Marcos pigarreou. Estava corado. Mas começou:
— “Eu sou Júlia... e estou dividida. Sinto o fogo da curiosidade e o gelo da cautela. Eu olho para Marcos e não sei se é ternura, desejo ou os dois. Sinto que Clara me testa, me treina, e talvez me escolha. Mas não quero tomar nada de ninguém. Só quero... ser vista. Ser tocada... emocionalmente. E talvez... ser usada. Com respeito. Com rito. Com verdade.”
Dessa vez, Júlia não segurou o rubor. Ela olhou para o chão, depois para Clara, e seus olhos brilharam.
— Forte — murmurou ela.
Luísa então disse:
— Clara, sua vez. Seja Marcos.
Clara cruzou as pernas e falou sem hesitar, com uma precisão desconcertante:
— “Sou Marcos. Fui criado para controlar, performar, resistir. Mas dentro... sou feito de vidro. Clara me viu primeiro. E agora Júlia me vê de outro ângulo. Sinto vergonha, mas também uma excitação que não consigo nomear. O botão que ela aperta... é mais que carne. É meu código secreto. Eu tenho medo do que acontece quando ele é pressionado. Mas... também espero por isso.”
Marcos engoliu em seco. Estava entregue.
Luísa anotou algo em silêncio e então propôs:
— Vocês foram longe. Agora, quero que repitam um cenário, mas sob nova lente. Clara, peça à Júlia que repita a entrada de moto. Com a roupa. O ritual. E depois, repitam a cena do quarto — com você abaixada diante de Marcos... mas desta vez... com a mão no botão.
Marcos abriu a boca, surpreso.
— Eu...
Luísa ergueu a mão suavemente.
— Calma, ainda não terminou. Marcos, você vai precisar cumprir a Regra da Permissão. Nada de descargas sem verbalizar o pedido. Precisa dizer: “Posso me liberar?”
Ele corou.
— Isso é... demais. Eu não sei se consigo. Essa parte do... do toque lá... do fio... é...

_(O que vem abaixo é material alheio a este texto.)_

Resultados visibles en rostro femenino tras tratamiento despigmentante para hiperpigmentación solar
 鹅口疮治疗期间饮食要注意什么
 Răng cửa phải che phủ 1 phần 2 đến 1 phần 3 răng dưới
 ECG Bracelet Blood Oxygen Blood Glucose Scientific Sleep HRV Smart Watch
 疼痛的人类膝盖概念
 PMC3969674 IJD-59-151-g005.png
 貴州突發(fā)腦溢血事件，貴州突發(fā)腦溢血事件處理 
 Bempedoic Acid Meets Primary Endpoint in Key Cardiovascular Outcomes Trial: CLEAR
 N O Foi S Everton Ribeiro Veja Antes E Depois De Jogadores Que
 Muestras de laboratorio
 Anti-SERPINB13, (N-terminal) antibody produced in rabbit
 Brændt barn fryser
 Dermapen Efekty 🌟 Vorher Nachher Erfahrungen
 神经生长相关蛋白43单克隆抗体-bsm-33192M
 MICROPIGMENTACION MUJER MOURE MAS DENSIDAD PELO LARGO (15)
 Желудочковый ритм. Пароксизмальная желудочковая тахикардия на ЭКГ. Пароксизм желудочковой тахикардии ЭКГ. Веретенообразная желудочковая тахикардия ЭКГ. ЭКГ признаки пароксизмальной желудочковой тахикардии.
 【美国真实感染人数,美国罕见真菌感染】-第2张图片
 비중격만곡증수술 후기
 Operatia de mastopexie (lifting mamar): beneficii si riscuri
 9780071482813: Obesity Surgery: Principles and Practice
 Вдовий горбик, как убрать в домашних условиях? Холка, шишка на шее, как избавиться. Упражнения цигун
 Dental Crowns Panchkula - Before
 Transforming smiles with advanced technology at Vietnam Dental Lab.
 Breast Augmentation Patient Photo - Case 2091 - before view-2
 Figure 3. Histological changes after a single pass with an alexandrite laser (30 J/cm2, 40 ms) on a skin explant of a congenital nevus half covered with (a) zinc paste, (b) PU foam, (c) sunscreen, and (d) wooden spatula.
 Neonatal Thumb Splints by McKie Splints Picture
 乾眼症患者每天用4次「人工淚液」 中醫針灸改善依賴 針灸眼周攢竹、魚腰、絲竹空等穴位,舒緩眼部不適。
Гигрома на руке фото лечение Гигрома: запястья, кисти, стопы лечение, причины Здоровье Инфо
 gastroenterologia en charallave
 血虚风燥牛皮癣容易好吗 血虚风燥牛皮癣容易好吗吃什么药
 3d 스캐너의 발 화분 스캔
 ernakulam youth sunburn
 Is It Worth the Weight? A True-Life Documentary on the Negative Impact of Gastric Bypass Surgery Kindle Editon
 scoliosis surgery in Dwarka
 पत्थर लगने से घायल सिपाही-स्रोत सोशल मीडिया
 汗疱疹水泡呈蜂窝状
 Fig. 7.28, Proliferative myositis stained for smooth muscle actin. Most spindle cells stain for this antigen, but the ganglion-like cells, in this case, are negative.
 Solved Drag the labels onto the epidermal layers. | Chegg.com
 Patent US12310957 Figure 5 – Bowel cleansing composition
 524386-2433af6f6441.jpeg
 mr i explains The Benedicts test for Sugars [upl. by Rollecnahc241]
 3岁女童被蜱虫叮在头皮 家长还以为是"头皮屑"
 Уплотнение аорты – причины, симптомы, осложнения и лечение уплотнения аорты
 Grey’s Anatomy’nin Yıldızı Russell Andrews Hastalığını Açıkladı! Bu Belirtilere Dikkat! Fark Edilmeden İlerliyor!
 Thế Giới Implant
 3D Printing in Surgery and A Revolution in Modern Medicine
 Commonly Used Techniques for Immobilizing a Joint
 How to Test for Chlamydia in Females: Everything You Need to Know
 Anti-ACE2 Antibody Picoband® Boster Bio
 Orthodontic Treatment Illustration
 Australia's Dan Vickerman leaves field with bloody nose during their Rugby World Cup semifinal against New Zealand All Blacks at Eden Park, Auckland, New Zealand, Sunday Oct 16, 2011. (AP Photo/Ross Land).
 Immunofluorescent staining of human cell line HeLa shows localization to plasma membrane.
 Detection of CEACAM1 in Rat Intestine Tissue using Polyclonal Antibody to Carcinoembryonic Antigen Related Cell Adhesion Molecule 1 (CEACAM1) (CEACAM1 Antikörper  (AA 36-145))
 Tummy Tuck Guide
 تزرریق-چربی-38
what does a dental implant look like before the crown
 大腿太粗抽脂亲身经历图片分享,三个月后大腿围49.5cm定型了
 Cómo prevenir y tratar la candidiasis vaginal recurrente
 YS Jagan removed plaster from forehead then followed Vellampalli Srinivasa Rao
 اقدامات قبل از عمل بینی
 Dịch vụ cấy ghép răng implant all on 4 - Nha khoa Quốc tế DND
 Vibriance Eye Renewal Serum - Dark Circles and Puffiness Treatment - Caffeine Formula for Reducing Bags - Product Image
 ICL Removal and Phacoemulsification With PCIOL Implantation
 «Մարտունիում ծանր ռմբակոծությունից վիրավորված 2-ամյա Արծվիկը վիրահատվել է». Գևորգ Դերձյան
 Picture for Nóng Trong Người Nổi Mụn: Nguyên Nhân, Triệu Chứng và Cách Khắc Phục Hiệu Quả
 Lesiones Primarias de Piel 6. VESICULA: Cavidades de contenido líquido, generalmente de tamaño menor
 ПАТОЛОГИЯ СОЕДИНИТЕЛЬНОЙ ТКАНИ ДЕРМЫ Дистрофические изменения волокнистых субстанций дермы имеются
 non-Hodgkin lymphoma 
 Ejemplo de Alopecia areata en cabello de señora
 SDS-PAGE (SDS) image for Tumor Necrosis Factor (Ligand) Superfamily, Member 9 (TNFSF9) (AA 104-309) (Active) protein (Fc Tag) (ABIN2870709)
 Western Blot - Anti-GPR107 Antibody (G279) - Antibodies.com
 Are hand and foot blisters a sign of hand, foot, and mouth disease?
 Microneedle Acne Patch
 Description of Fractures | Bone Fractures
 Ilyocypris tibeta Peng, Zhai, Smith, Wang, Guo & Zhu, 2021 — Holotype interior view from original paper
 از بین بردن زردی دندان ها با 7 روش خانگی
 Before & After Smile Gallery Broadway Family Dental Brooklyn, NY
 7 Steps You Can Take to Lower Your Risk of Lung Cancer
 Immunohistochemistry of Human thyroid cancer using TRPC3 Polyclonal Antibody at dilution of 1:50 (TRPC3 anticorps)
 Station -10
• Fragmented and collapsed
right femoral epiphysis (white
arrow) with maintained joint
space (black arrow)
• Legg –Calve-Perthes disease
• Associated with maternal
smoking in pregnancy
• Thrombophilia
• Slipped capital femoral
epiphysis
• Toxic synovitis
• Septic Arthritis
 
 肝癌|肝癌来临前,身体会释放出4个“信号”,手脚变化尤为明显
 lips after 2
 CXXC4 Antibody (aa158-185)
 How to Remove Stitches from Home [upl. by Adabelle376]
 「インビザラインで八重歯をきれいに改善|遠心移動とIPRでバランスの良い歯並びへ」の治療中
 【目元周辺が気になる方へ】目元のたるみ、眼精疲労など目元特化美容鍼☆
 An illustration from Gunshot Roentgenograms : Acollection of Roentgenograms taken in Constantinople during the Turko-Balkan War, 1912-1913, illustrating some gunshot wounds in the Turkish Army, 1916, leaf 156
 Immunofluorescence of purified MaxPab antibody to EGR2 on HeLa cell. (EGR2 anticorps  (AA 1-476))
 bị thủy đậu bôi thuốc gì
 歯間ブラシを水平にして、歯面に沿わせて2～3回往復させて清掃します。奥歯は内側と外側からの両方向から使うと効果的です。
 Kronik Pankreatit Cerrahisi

Luísa o interrompeu com gentileza.
— Não é uma questão de gostar. É uma questão de prática e acesso. Você não está sendo invadido. Está sendo convidado a sentir de outro modo. Confiar que há potência onde você antes via fraqueza.
Júlia então falou, com voz firme pela primeira vez em todo o encontro:
— Eu... posso falhar nesse exercício. Posso me perder no meio. Mas acho que precisamos praticar. Não pelo sexo. Mas pela escuta. Pela presença.
Luísa sorriu, como quem testemunha um broto abrindo.
— Exatamente. O corpo é um campo. E vocês estão aprendendo a plantar.
Marcos parecia dividido entre pânico e excitação.
— Eu vou tentar... mas se eu... travar...
— Diga “vermelho” — respondeu Clara. — Como combinamos. Mas só se for real. Não por medo de se ver.
Luísa concluiu a sessão com um toque cerimonial.
— Para o próximo encontro, tragam o relato. Júlia, observe-se. Marcos, permita-se. Clara, conduza com doçura. E lembrem-se: o espelho nunca devolve apenas o que está fora... mas tudo o que está dentro.
Ao sair do consultório, Júlia foi a primeira a romper o silêncio.
— Eu quero repetir a volta de moto amanhã. Com o chapéu. Com o couro. Quero saber o que acontece quando volto para a casa... e os dois já me esperam prontos.
Clara assentiu. Havia brilho nos olhos das duas. E Marcos... bom, Marcos já sentia o laço branco no pulso apertar sozinho.